Tigecycline serves as one of the antibiotics of last resort to treat multidrug-resistant (including carbapenem-resistant) pathogens. However, the recently emerged plasmid-mediated tigecycline resistance mechanism, Tet(X), challenges the clinical efficacy of this class of antibiotics. In this study, we detected 180 tet(X)-harboring Acinetobacter isolates (8.9%, n = 180) from 2,018 samples collected from avian farms and adjacent environments in China. Eighteen tet(X)-harboring isolates (10.0%) were found to cocarry the carbapenemase gene blaNDM-1, mostly from waterfowl samples (94.4%, 17/18). Interestingly, among six Acinetobacter strains, tet(X) and blaNDM-1 were found to colocalize on the same plasmids. Moreover, whole-genome sequencing (WGS) revealed a novel orthologue of tet(X) in the six isolates coharboring tet(X) and blaNDM-1. Inverse PCR suggested that the two tet(X) genes form a single transposable unit and may be cotransferred.
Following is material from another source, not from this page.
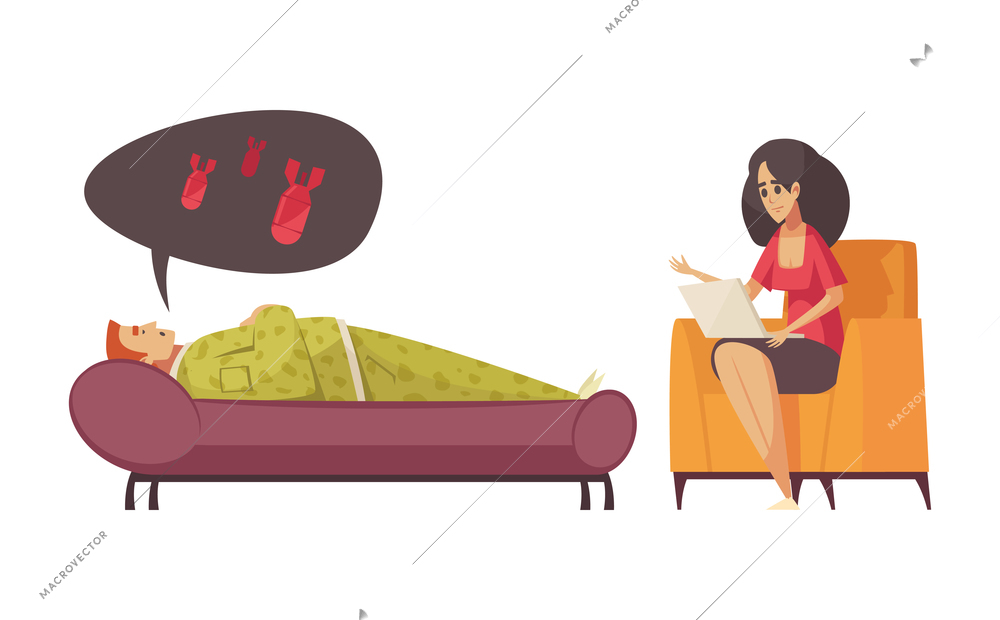 Cartoon style composition with female psychologist talking to male patient isolated vector illustration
Sequence comparison between six tet(X)- and blaNDM-1-coharboring plasmids showed that they shared a highly homologous plasmid backbone even though they were isolated from different Acinetobacter species (three from Acinetobacter indicus, two from Acinetobacter schindleri, and one from Acinetobacter lwoffii) from various sources and from different geological regions, suggesting the horizontal genetic transfer of a common tet(X)- and blaNDM-1-coharboring plasmid among Acinetobacter species in China. Emergence and spread of such plasmids and strains are of great clinical concern, and measures must be implemented to avoid their dissemination.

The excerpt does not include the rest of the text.